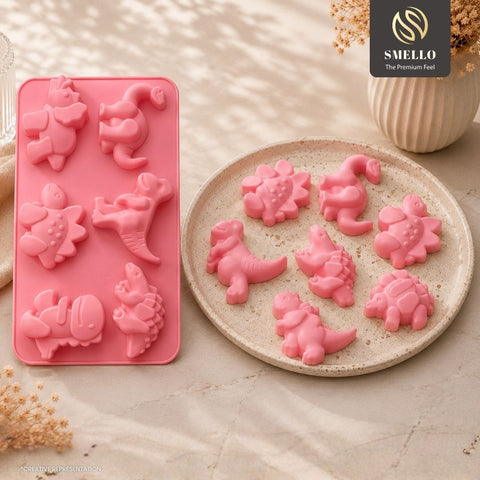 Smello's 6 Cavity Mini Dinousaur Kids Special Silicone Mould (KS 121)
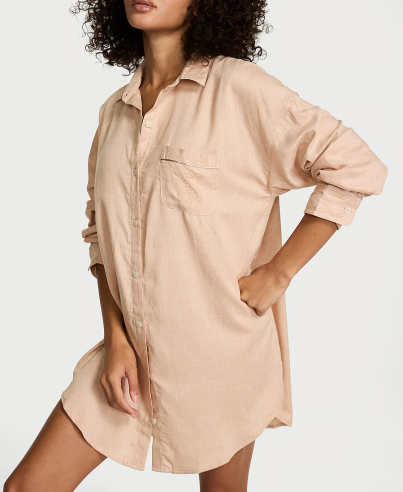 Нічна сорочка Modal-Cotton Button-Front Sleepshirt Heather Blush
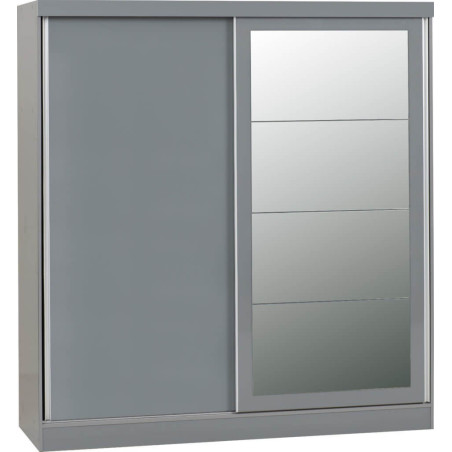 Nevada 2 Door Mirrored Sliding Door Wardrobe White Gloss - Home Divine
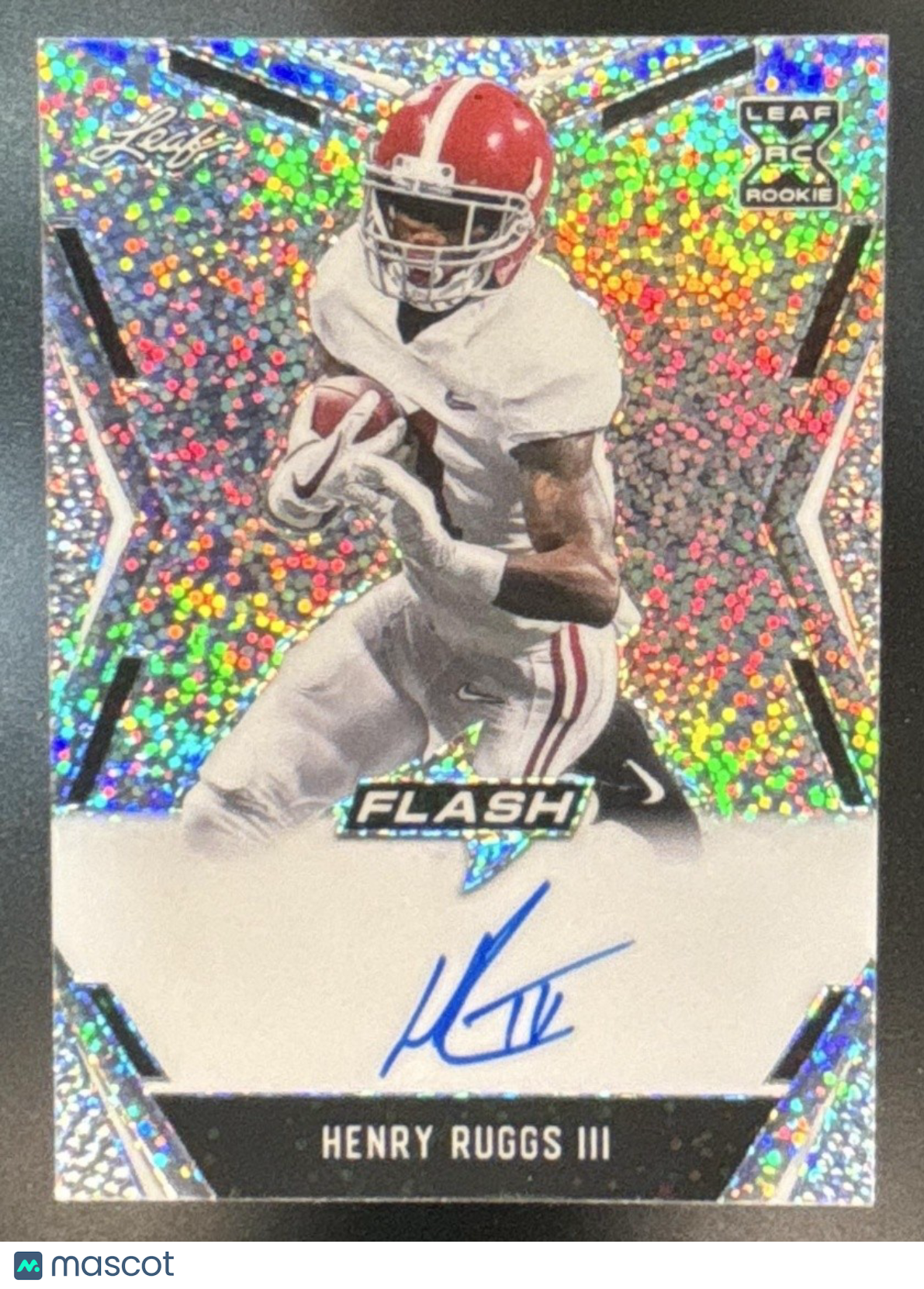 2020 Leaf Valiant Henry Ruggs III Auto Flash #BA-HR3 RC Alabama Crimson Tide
—————
● **Work instruction**
What the answer needs is every line from the one containing "Nevada 2 Door" through the final line of the data above, copied exactly, without pictures.

● **Result**
 Nevada 2 Door Mirrored Sliding Door Wardrobe White Gloss - Home Divine
 2020 Leaf Valiant Henry Ruggs III Auto Flash #BA-HR3 RC Alabama Crimson Tide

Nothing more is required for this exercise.